Sound is inherently a spatial perception.
The compact disc format, which records audio with 16-bit resolution at a sampling rate of 44.1 kHz, was engineered to reproduce audio with fidelity exceeding the limits of human perception. And it works. However, sound is inherently a spatial perception. We perceive the direction, distance, and size of sound sources, and reproducing the spatial properties of sound accurately remains a challenge. In this paper, I review the technologies for spatial sound reproduction and discuss future directions, focusing on the promise of individualized, binaural technology.
People hear with two ears, and the two audio signals received at the eardrums completely define the auditory experience. An amazing feature of the auditory system is that with only two ears sounds can be perceived from all directions, and the listener can even sense the distance and size of sound sources. The perceptual cues for sound localization include the amplitude of the sound at each ear, the arrival time at each ear, and the spectrum of the sound, that is, the relative amplitude of the sound at different frequencies.
The spectrum of a sound is modified by interactions between sound waves and the torso, head, and external ear (pinna). Furthermore, spectral modification depends on the location of the source in a complex way. The auditory system uses spectral modifications as cues to the location of sound, but because the complex shape of the pinna varies significantly among individuals, the cues for sound localization are idiosyncratic. Each individual’s auditory system is adapted to the idiosyncratic spectral cues produced by his or her head features.
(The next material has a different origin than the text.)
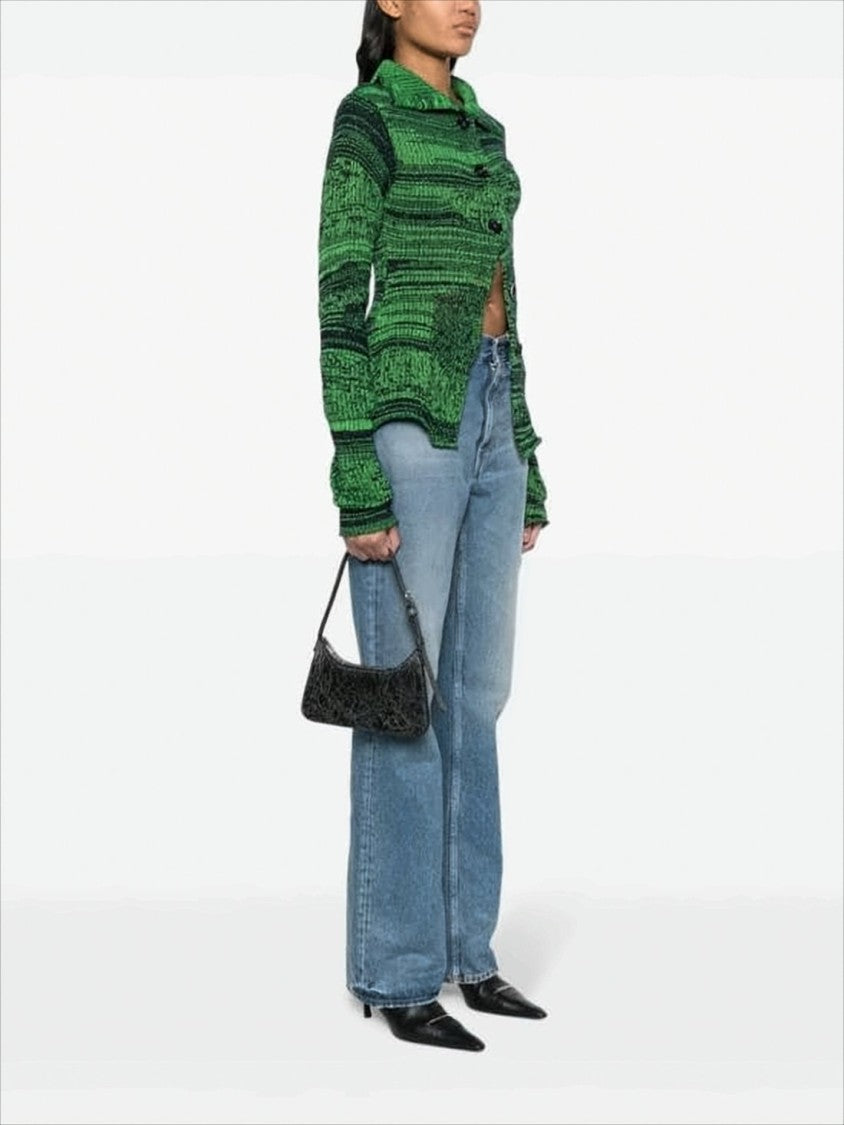 Textured Leather Shoulder Bag With Cracked Effect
Binaural audio refers specifically to the recording and reproduction of sound at the ears. Binaural recordings can be made by placing miniature microphones in the ear canals of a human subject. Exact reproduction of the recording is possible through properly equalized headphones. If the recording and playback are for the same subject and there are no head movements, the results are stunningly realistic.
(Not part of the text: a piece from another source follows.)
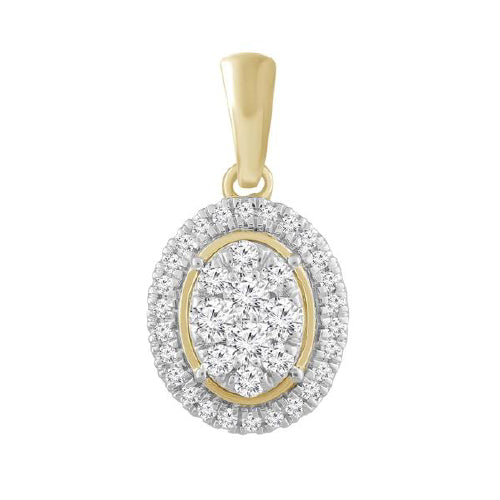 9ct gold diamond pendant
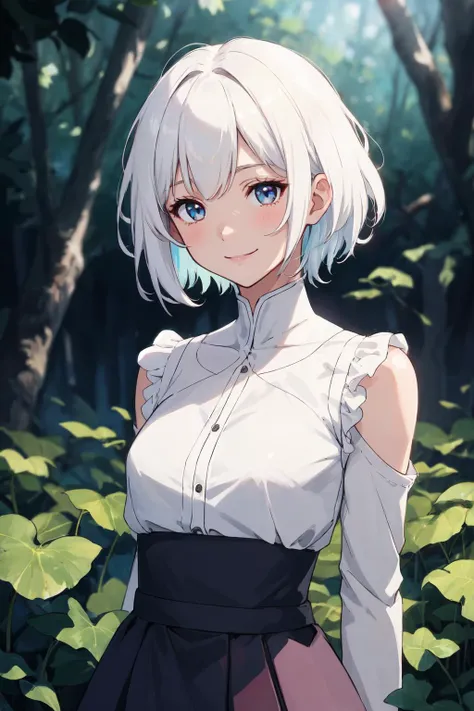 (masterpiece, best quality, glowing light, ultra detailed, detailed background, complex background, soft warm color, still, bright, vivid, dreamy, evocative, light and shadow, anime style, vibrant, ray tracing, absurdres), hayao miyazaki style, field, nature, 1girl, aged_up, solo, mature female, dress, arms behind back, smile, upper-body, shaggy hair, white hair, short hair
Many virtual-reality audio applications attempt to position a sound arbitrarily around a listener wearing headphones. They rely on a stored database of head-related transfer functions (HRTFs), that is, mathematical descriptions of the transformation of sound by the torso, head, and external ear. HRTFs for the left and right ears of a subject specify how sound from a particular direction is transformed en route to the ear drums. A complete description of a subject’s head response requires hundreds of HRTF measurements from all directions surrounding the subject. Any sound source can be virtually located by filtering the sound with the HRTFs corresponding to the desired location and presenting the resulting binaural signal to the subject using properly equalized headphones. When this procedure is individualized by using the subject’s own HRTFs, the localization performance is equivalent to free-field listening (Wightman and Kistler, 1989a,b).
Figure 1 (see pdf version) shows the magnitude spectra for right ear HRTFs measured for three different human subjects with a sound source located on the horizontal plane at 60 degrees right azimuth. Note that the spectra are similar up to 6 kHz; the significant differences in HRTFs at higher frequencies are attributable to variations in pinna shape. Figure 2 (se pdf version) shows the magnitude spectra of HRTFs measured from a dummy head microphone for all locations on the horizontal plane. Note how the spectral features change as a function of source direction.
Most research has been focused on localization; subjects presented with an acoustic stimulus are asked to report the apparent direction. Their localization is then compared to free-field listening to assess the quality of reproduction. But this method does not account for many attri-butes of sound perception, including distance, timbre, and size. In an experimental paradigm developed by Hartmann and Wittenburg (1996), the virtual stimulus is reproduced using open-air headphones that allow free-field listening. Thus, real and virtual stimuli can be compared directly. In these experiments, subjects are presented with a stimulus and asked to decide if it is real or virtual. If a virtual stimulus cannot be distinguished from a real stimulus, then the reproduction error is within the limits of perception. When this experimental paradigm was used to study the externalization of virtual sound, the results demonstrated that individualized spectral cues are necessary for proper externalization.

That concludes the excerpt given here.